## Exercise details
Only the lines from the line that contains "Kinetic Sand Squish" through the final line of the entries below belong in your answer, copied exactly and without pictures.

## Dataset excerpts
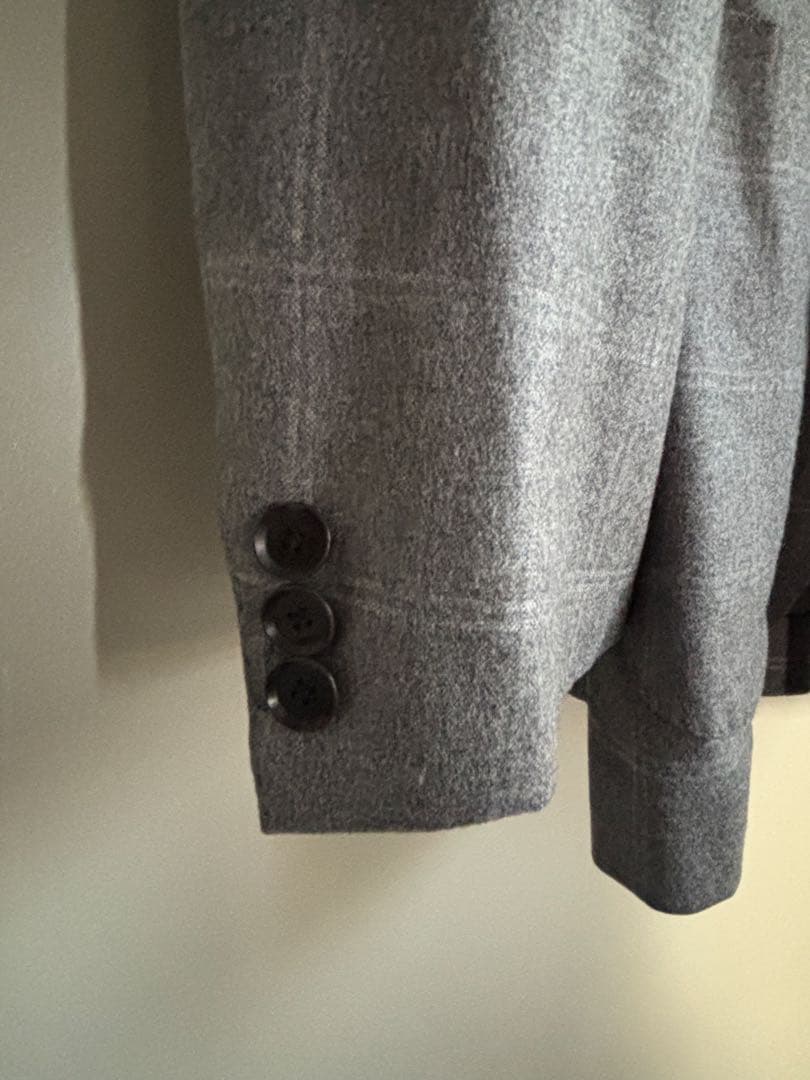 トゥモローランド　テーラードジャケット2B　ロロピアーナ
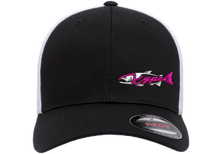 Load image into Gallery viewer, Flexfit Trucker - Black/White - Kype Gear
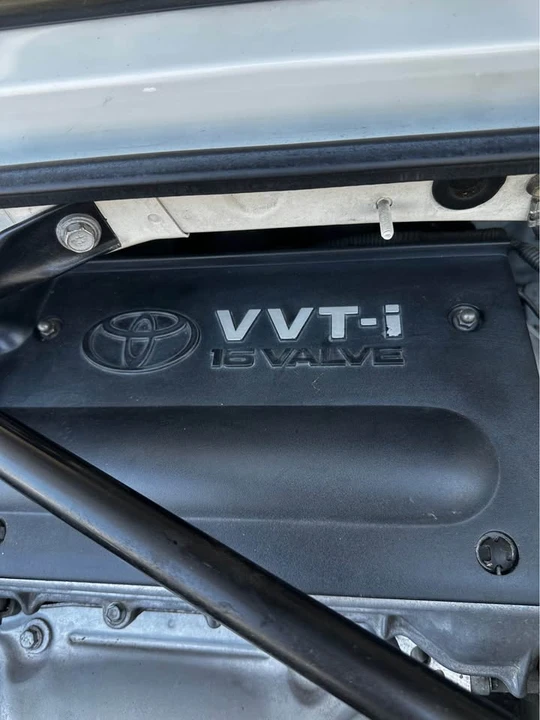 2001 Toyota MR2 Spyder/MR-S - Image 16 of 16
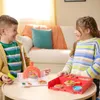 Kinetic Sand Squish Pizza Set, Bastelset für Kinder, 5 Produktbild-Vorschau 17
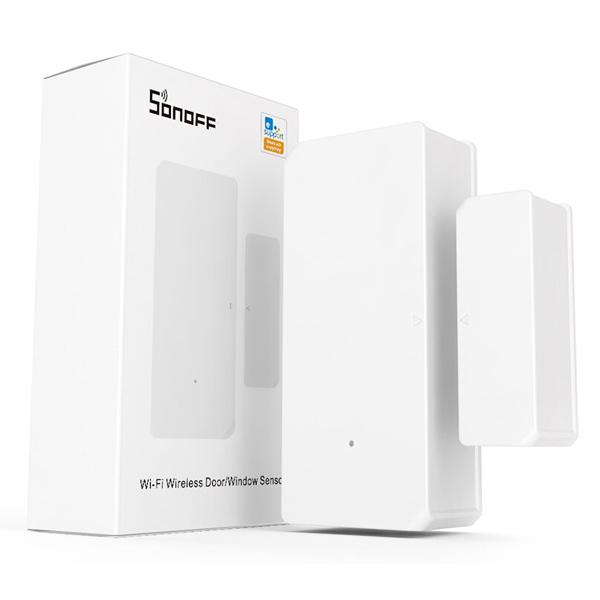 SONOOF ασύρματος μαγνητικός αισθητήρας DW2-WI-FI, WiFi, λευκός | eLabstore.gr SONOOF ασύρματος μαγνητικός αισθητήρας DW2-WI-FI, WiFi, λευκός | Οικιακές & Προσωπικές Συσκευές | elabstore.gr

## Task result
 Kinetic Sand Squish Pizza Set, Bastelset für Kinder, 5 Produktbild-Vorschau 17
 SONOOF ασύρματος μαγνητικός αισθητήρας DW2-WI-FI, WiFi, λευκός | eLabstore.gr SONOOF ασύρματος μαγνητικός αισθητήρας DW2-WI-FI, WiFi, λευκός | Οικιακές & Προσωπικές Συσκευές | elabstore.gr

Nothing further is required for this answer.